Maurice Van Thrower was convicted of two counts of child molestation in 2013 and sentenced to concurrent terms of 180 months to life. The court ordered that he have no contact with his victim. Following our Supreme Court's opinion in State v. Blake, 197 Wn.2d 170, 481 P.3d 521 (2021), Thrower sought resentencing. In the interim, however, Thrower had reached out to several family members of the victim by letter. At resentencing, the court prohibited Thrower from having contact not only with his victim, but also with any member of the victim's family, specifically naming six individuals. Thrower appeals, contending that the no-contact order prohibitions are not sufficiently crime-related. He also raises several issues in a statement of additional grounds concerning the trial court's treatment of his CrR 7.5 motion, ineffective assistance of counsel, and the characterization of his new sentence. We conclude that the no-contact order prohibitions are sufficiently crime-related and that none of the issues raised in the statement of additional grounds warrant reversal. Therefore, we affirm.

FACTS

A jury convicted Maurice Van Thrower of two counts of first degree child molestation in 2013. Thrower timely appealed and this court affirmed those convictions. State v. Thrower, No. 69950-4-I, slip op. (Wash.Ct.App. June 30, 2014) (unpublished) https://www.courts.wa.gov/opinions/pdf/699504.pdf.

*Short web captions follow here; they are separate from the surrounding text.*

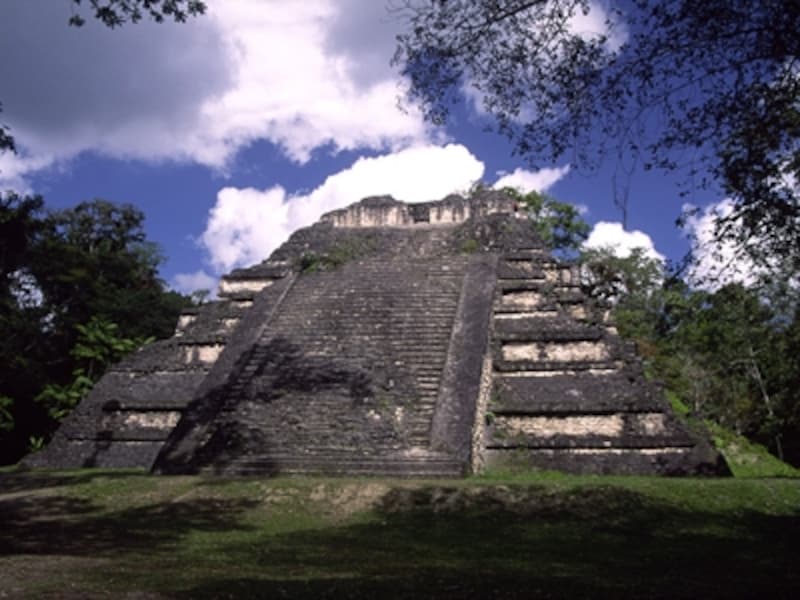 タルー・タブレロ型神殿。タルー（傾斜面）とタブレロ（垂直面）を重ねたピラミッドは、テオティワカンのピラミッドにそっくり ©牧哲雄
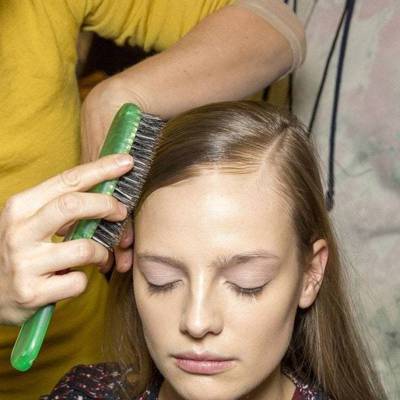 手殘不會用電棒？頭髮造型工具常見問題解惑，輕鬆5步驟教你快速完成捲髮造型！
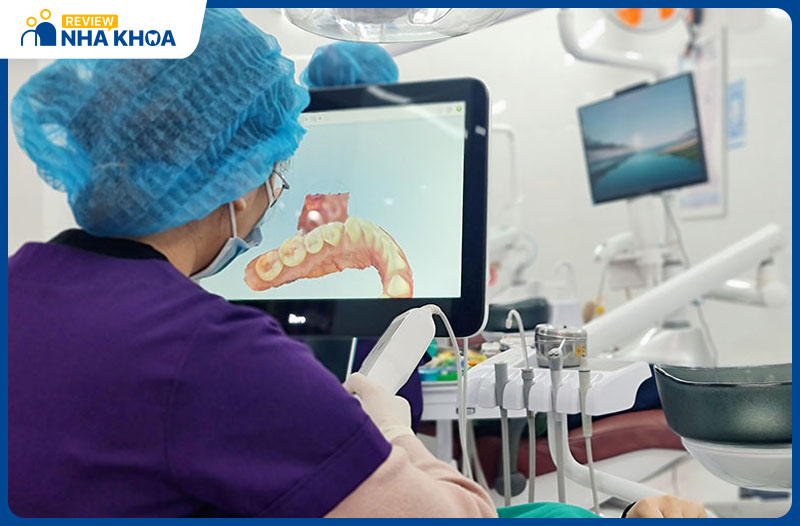 Nha khoa Mai Hùng Group thực hiện khám và niềng răng với bác sĩ giỏi, sử dụng thiết bị công nghệ hiện đại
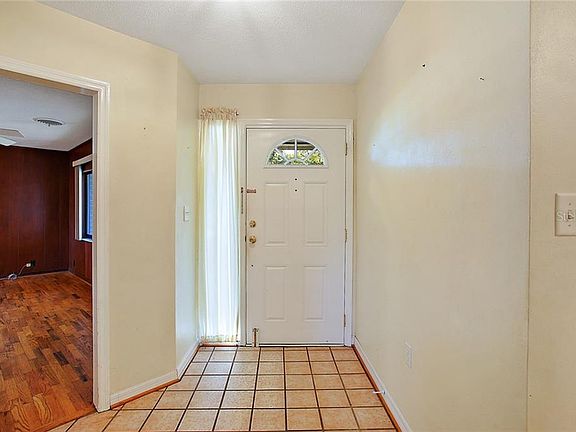 4th image of 1104 N Shore Dr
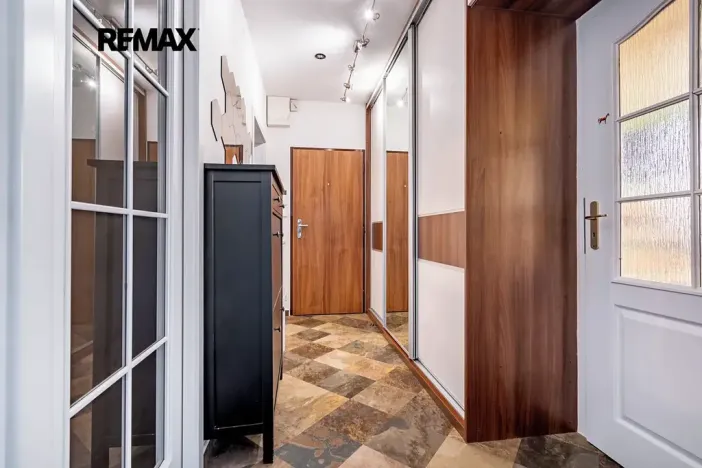 Prodej bytu 4+1, Praha - Hlubočepy, Renoirova, 90 m2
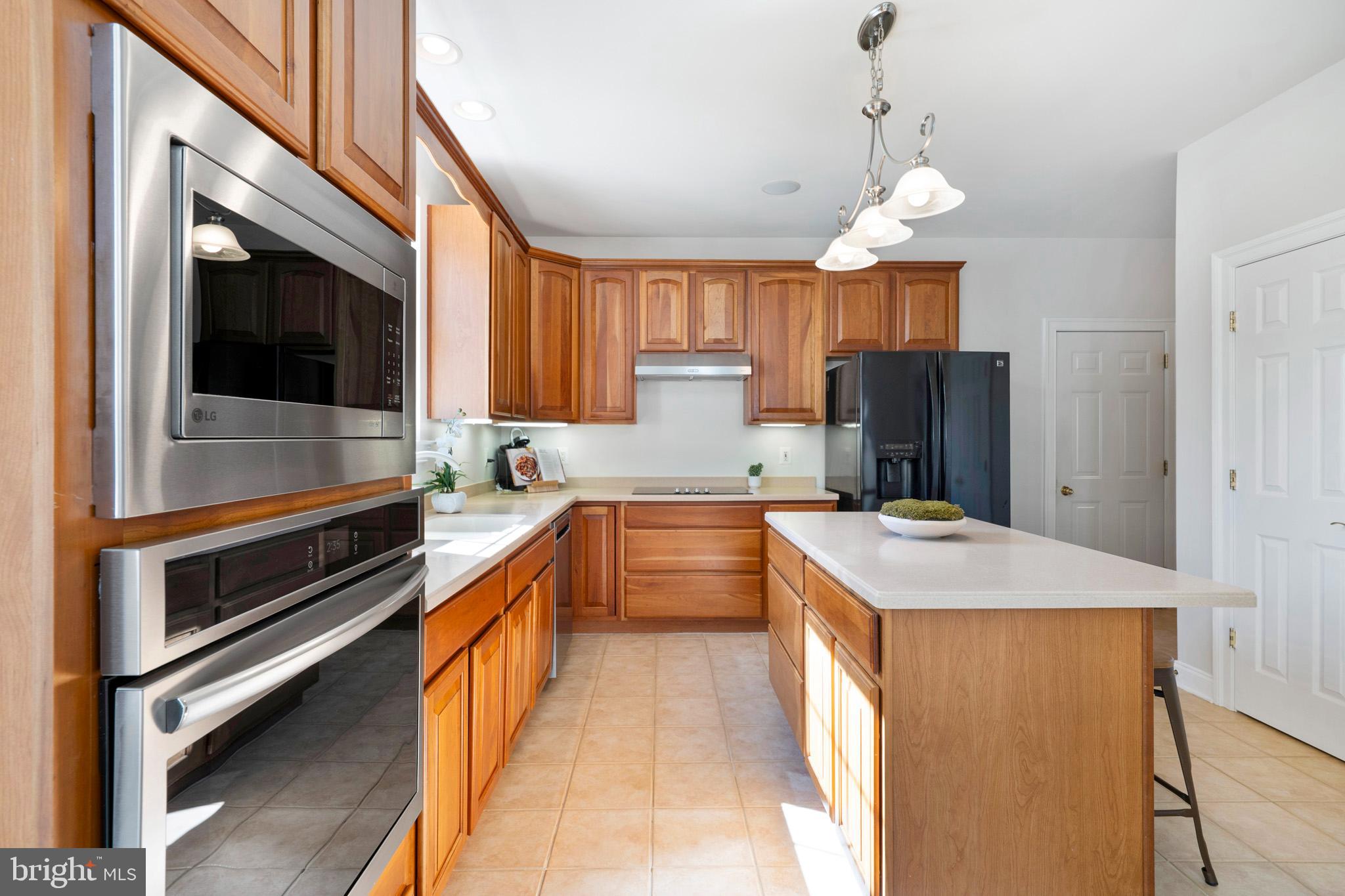 LYONS CREEK OVERLOOK - Residential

In April 2021, following our Supreme Court's opinion in Blake, 197 Wn.2d 170, Thrower sought a resentencing hearing because his prior simple possession convictions had been included in his offender score. Thrower also challenged the use of a prior felony conviction from California in calculating his offender score. At resentencing, Thrower attempted to raise additional issues related to his original trial, including an earlier attempt to move for a new trial under CrR 7.5. The trial court declined to address the CrR 7.5 motion, as the hearing only concerned resentencing, not a review of Thrower's conviction. Instead, the court transferred the motion to this court under CrR 7.8 as a personal restraint petition.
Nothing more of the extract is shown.